MIAMI, Dec. 02, 2019 (GLOBE NEWSWIRE) -- NCL Corporation Ltd. (“NCLC”), a subsidiary of Norwegian Cruise Line Holdings Ltd. (NCLH) (“NCLH”), announced today that it entered into an agreement to sell $565.0 million aggregate principal amount of 3.625% Senior Notes due 2024 (the “Notes”) in a private offering (the “Offering”) that is exempt from the registration requirements of the Securities Act of 1933, as amended (the “Securities Act”). The Notes are to be issued at par.
NCLC intends to use the net proceeds from the Offering, after deducting the initial purchasers’ discount and estimated fees and expenses, together with cash on hand, to redeem all $565,000,000 aggregate principal amount of its outstanding 4.750% senior notes due 2021 (the “4.750% Senior Notes”) (including accrued and unpaid interest) in accordance with the indenture for the 4.750% Senior Notes and to pay related transaction fees and expenses.
The Notes are being offered only to qualified institutional buyers in reliance on Rule 144A under the Securities Act, and outside the United States, only to non-U.S. investors pursuant to Regulation S. The Notes will not be registered under the Securities Act or the securities laws of any other jurisdiction and may not be offered or sold in the United States absent an effective registration statement or an applicable exemption from registration requirements or a transaction not subject to the registration requirements of the Securities Act or any state securities laws.
This press release shall not constitute an offer to sell or the solicitation of an offer to buy any security and shall not constitute an offer, solicitation or sale in any jurisdiction in which such offering, solicitation or sale would be unlawful. This press release is being issued pursuant to and in accordance with Rule 135c under the Securities Act.

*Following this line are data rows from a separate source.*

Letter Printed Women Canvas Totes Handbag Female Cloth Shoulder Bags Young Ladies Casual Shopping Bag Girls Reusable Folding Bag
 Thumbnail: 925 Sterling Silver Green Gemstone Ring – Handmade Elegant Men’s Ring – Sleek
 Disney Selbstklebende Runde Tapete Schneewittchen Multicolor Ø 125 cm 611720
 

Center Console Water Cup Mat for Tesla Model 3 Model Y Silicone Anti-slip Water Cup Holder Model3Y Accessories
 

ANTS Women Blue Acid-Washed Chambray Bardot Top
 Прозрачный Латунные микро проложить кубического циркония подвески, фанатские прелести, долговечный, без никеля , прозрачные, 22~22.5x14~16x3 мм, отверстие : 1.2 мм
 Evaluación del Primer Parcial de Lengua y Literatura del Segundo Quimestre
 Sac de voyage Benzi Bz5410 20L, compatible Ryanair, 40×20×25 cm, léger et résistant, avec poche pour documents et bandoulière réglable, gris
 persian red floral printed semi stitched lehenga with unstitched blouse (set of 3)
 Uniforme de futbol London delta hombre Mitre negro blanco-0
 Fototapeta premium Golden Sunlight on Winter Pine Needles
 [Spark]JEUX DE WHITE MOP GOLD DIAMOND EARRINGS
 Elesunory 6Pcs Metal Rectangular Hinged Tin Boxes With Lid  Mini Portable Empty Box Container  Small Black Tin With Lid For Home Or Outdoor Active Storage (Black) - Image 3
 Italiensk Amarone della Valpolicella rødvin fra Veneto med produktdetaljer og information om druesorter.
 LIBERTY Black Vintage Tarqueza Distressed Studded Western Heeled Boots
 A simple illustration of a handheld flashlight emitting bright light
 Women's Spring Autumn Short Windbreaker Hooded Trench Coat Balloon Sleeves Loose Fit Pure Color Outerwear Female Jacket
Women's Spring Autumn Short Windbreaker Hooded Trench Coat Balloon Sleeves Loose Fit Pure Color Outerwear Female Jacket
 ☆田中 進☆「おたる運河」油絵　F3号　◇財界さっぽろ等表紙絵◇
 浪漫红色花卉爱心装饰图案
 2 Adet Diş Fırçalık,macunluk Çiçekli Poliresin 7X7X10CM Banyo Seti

Certain statements in this release constitute forward-looking statements within the meaning of the U.S. federal securities laws intended to qualify for the safe harbor from liability established by the Private Securities Litigation Reform Act of 1995. All statements other than statements of historical facts contained in this release, including, without limitation, those regarding the proposed debt offer and concurrent conditional redemption, are forward-looking statements. Many, but not all, of these statements can be found by looking for words like "expect," "anticipate," "goal," "plan," "believe," "will," "may," "intend," and similar words. Forward-looking statements do not guarantee future performance and may involve risks, uncertainties and other factors which could cause NCLC’s or NCLH’s actual results, performance or achievements to differ materially from the future results, performance or achievements expressed or implied in those forward-looking statements. For a discussion of these risks and uncertainties, please refer to the factors set forth under "Risk Factors" in NCLC’s and NCLH’s most recently filed Annual Reports on Form 10-K, Quarterly Reports on Form 10-Q and subsequent filings with the Securities and Exchange Commission. The above examples are not exhaustive and new risks emerge from time to time. Such forward-looking statements are based on NCLC’s and NCLH’s current beliefs, assumptions, expectations, estimates and projections regarding their present and future business strategies and the environment in which they expect to operate in the future. These forward-looking statements speak only as of the date made. NCLC and NCLH expressly disclaim any obligation or undertaking to release publicly any updates or revisions to any forward-looking statement contained herein to reflect any change in their expectations with regard thereto or any change of events, conditions or circumstances on which any such statement was based, except as required by law.